Bei ihr bekommen die Opfer von Loverboys Hilfe: Bärbel Kannemann von der Stiftung StopLoverboysNu. Bild: dpa

Das System der Loverboys funktioniert immer gleich: Die jungen Männer, meist mit Migrationshintergrund, suchen Mädchen, die leicht ansprechbar sind, sich nach Zuneigung sehnen. Sie machen ihnen Geschenke, erzählen von Liebe und einer gemeinsamen Zukunft. Schließlich vergewaltigen sie die Mädchen, setzen sie unter Drogen, bedrohen, erpressen und misshandeln sie und schicken sie in die Prostitution. Im Gegensatz zu Zuhältern kassieren die Loverboys nicht nur einen Teil des Geldes ab, sondern alles.

Oft müssen die Opfer auch bei anderen Verbrechen helfen, wie dem Schmuggel von Kokain oder Waffen. Viele der Mädchen leben dabei noch zu Hause, die Eltern schieben Veränderungen auf die Launen eines pubertierenden Mädchens. Mancher Loverboy achtet sogar darauf, dass sein Opfer regelmäßig zur Schule geht, damit nichts auffällt, und sitzt als vermeintlicher Freund mit am Essenstisch der Familie.

Bärbel Kannemann erkennt zurzeit aber auch neue Trends. «Mittlerweile finden die Loverboys die meisten Opfer im Internet», sagt sie. In Sozialen Netzwerken wie Facebook oder Chaträumen wie Knuddels suchen und finden sie Mädchen. «In Deutschland haben rund 80 Prozent der Fälle, die mir bekannt sind, im Internet begonnen», sagt Kannemann.

«Theoretisch kann jedes Mädchen Opfer werden»
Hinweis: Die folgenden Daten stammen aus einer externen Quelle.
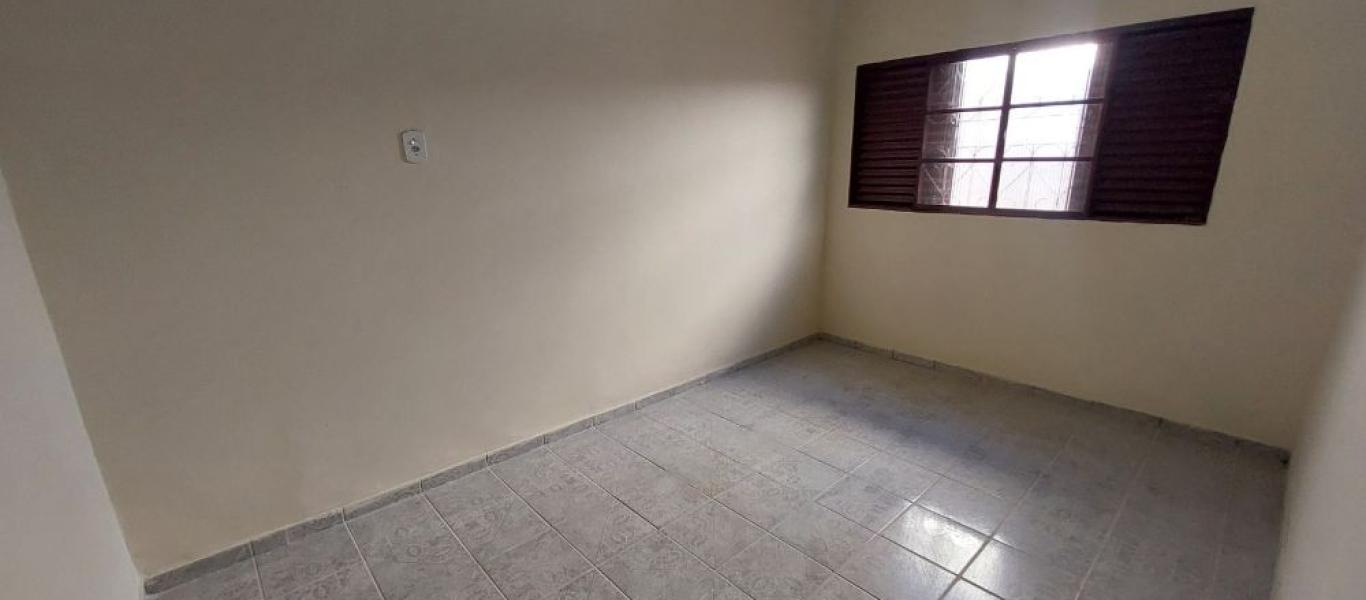 CASA NA Vila Central em Assis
Außerdem konzentrieren sich die Loverboys dort nicht mehr nur auf die jungen Mädchen. «Sie haben es zunehmend auch auf Frauen Ende, Mitte 20 abgesehen», sagt die ehemalige Polizistin. «Die Frauen, die darauf einsteigen, kommen oft aus einer kaputten Beziehung und sind darin vielleicht sogar vergewaltigt worden.» An ihrer Art zu schreiben könnten die Zuhälter meist leicht erkennen, dass diese Frauen unsicher und auf der Suche nach Geborgenheit seien.
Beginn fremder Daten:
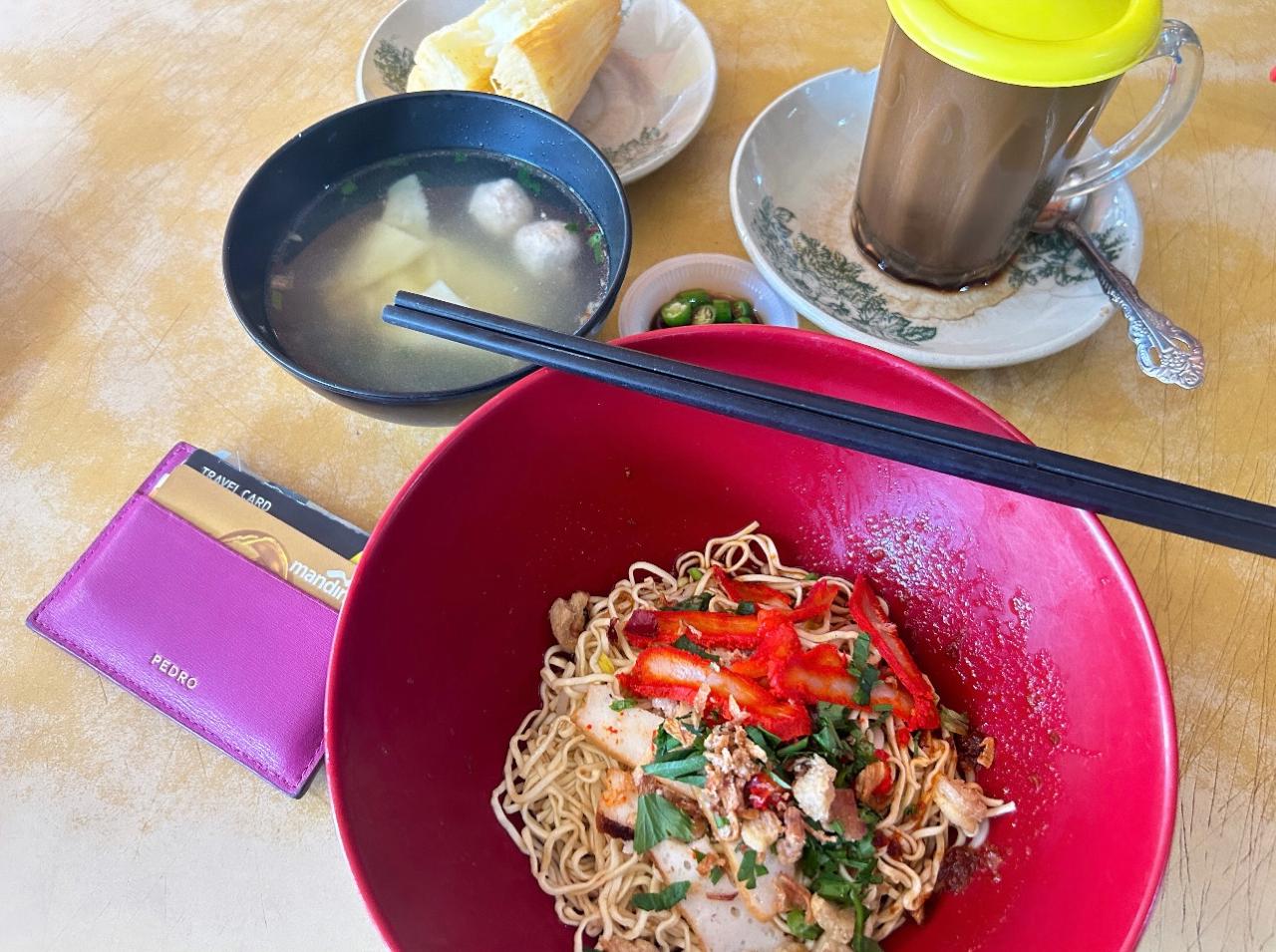 TAMPILAN mie pangsit khas Batam di Pasar Penuin, Lubukbaja.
«Theoretisch kann jedes Mädchen Opfer werden, aus jeder sozialen Schicht», sagt Kannemann. «Fast allen gemeinsam ist nur, dass sie in dem Moment, in dem sie angesprochen werden, leicht beeinflussbar sind.» Melanie aus NRW etwa kommt aus gesicherten Verhältnissen, einer normalen Mittelstandsfamilie, suchte nach der Trennung von ihrem Freund aber neuen Halt. 

Mittlerweile ist Melanie von ihrem Peiniger losgekommen - aber nur, weil er wegen eines Tötungsdeliktes ins Gefängnis wanderte. Das suizidgefährdete Mädchen wendete sich an Bärbel Kannemann und kam schließlich in eine psychiatrische Klinik. Heute ist sie draußen. «Endlich bin ich frei», schreibt sie Kannemann. «Ich kann wieder lernen, in der realen Welt zu leben. Ich kann nach draußen gehen ohne Angst, dass er mich findet und mich wieder bedroht.» Trotzdem wohnt sie aus Sicherheitsgründen noch nicht wieder zu Hause. Das wird erst in ein paar Wochen möglich sein - wenn ihre Familie in eine andere Stadt gezogen ist.

Die Stiftung StopLoverboysNu gibt auf ihrer Website Tipps zu den Fragen «Wie erkenne ich Opfer eines Loverboys?» und «Ist mein Freund ein Loverboy?». Sie bietet auch direkte Beratung und Hilfe für Opfer und Eltern an.